▶ [AIM OF THE EXERCISE] Using the records below, write out again exactly the lines that begin at the line containing "Dana Purple Photochromic" and end at the line containing "Arena Carioca pronta", and no other lines.
● ● ● ● ● ● ●
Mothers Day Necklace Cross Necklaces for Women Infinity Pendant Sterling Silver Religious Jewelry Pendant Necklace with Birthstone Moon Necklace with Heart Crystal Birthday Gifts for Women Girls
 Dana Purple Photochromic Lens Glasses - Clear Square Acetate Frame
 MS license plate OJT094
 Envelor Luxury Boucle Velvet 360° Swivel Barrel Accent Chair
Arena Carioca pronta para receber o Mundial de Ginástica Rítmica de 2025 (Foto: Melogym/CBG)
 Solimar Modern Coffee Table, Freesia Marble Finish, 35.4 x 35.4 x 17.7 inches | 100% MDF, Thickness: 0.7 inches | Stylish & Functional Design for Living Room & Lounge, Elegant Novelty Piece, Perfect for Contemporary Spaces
● ● ● ● ● ● ●
▶ [RESPONSE BOX]
 Dana Purple Photochromic Lens Glasses - Clear Square Acetate Frame
 MS license plate OJT094
 Envelor Luxury Boucle Velvet 360° Swivel Barrel Accent Chair
Arena Carioca pronta para receber o Mundial de Ginástica Rítmica de 2025 (Foto: Melogym/CBG)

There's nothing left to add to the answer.